(08-13-2018 03:14 PM)Redwingtom Wrote: That's a lot of words to say Obama did NOT create THE trillion dollar deficit.
Well he and the democrat congress certainly gave us the recurring trillion dollar deficit. If you look at it from the congressional perspective, the deficit went down generally as republicans controlled more of congress and went up as they controlled less of congress during both the GWB and Obama administrations.
Quote:And of course, neither D's nor R's are fiscally responsible. That's why we have a 21.3T national debt.
Absolutely, which is why I'm neither R nor D, despite efforts by some to portray me as one or the other.
Quote:Additionally, a annual budget for a governmental entity controlling the entirety of the US is pretty much worthless and would take a miracle to actually hit a "random" budgetary target anyway. Not to say they shouldn't try, but it's a pretty much pointless exercise. We have a hard enough time hitting a budget for our tiny 1,000 attender church!

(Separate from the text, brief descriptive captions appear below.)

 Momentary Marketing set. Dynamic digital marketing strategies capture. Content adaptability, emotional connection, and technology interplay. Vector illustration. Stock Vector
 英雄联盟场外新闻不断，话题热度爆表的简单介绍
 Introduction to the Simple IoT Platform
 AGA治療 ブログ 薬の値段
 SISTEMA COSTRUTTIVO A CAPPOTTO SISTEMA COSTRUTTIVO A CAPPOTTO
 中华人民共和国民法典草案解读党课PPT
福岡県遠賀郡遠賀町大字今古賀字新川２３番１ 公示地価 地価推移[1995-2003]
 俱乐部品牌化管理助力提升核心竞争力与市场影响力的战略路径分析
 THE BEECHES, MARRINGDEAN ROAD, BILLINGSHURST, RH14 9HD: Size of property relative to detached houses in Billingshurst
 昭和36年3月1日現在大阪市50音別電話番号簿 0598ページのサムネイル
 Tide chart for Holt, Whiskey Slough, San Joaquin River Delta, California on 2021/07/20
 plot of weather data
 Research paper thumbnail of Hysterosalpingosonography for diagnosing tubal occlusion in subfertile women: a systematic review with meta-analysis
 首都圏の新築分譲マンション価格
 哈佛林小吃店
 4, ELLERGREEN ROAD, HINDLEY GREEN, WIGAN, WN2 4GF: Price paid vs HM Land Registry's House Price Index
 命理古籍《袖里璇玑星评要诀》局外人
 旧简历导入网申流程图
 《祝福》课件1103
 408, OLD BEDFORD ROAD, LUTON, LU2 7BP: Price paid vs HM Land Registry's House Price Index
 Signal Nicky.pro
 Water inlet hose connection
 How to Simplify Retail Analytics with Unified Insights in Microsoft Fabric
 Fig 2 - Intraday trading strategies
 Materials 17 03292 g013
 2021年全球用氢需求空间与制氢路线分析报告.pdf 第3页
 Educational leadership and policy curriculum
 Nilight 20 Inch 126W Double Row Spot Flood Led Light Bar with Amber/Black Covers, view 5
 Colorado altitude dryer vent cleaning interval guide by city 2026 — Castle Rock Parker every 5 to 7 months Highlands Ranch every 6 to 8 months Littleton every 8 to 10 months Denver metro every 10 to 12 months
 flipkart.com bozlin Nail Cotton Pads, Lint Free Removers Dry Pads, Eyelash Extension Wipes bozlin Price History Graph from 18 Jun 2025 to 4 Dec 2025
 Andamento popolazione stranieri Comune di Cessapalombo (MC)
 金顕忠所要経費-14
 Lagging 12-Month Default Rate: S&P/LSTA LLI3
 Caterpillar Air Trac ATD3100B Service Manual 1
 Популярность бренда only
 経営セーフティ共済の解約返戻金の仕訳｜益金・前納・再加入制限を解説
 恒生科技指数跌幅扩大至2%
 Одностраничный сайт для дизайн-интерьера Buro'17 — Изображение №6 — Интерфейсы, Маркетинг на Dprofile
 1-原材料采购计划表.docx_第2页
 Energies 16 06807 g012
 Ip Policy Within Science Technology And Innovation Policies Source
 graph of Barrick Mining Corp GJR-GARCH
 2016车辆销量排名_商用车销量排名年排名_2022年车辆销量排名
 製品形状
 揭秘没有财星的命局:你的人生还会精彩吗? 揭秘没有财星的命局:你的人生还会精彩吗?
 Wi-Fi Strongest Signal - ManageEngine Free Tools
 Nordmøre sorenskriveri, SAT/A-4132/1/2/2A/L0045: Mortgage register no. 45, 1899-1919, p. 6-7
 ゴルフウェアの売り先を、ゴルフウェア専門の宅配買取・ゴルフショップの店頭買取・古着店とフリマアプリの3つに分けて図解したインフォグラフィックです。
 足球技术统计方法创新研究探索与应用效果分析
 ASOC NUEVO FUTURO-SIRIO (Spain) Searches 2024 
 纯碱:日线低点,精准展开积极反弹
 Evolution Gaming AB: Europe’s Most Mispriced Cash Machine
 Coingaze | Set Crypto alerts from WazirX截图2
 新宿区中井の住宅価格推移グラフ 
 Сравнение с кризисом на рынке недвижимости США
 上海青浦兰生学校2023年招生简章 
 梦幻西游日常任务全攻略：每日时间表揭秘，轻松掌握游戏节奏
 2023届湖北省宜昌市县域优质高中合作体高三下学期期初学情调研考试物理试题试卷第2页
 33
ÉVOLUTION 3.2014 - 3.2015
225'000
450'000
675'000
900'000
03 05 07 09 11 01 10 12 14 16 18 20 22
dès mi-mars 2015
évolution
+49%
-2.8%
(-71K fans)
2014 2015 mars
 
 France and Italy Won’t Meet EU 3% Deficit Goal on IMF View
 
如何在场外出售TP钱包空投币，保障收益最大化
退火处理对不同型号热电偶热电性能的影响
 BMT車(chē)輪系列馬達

1,000 is not exactly a tiny church, we have more like 400. Not buying the rest of your argument. You'll never hit it to the penny, or even to the dollar, in neither churches nor governments, but that doesn't make it a pointless argument in either.
Quote:Lastly, if you want to vote for someone who wants to balance a budget, you better vote for one promising tax increases, cause that's the ONLY way it's going to happen.
Absolutely agree on tax revenue increases. But the only way to raise tax revenues to anything remotely approaching current expenditures without making tax rates confiscatory and driving investment to lower-tax jurisdictions is to do what those pother jurisdictions do--a consumption tax. A 15% across the board consumption tax would yield $2.5 trillion (average consumption tax base of 81-82% of GDP times $20 trillion GDP times 15% tax rate). We could get rid of the personal tax (which generates about $1.5 trillion) entirely and still have enough to eliminate the $1 trillion deficit.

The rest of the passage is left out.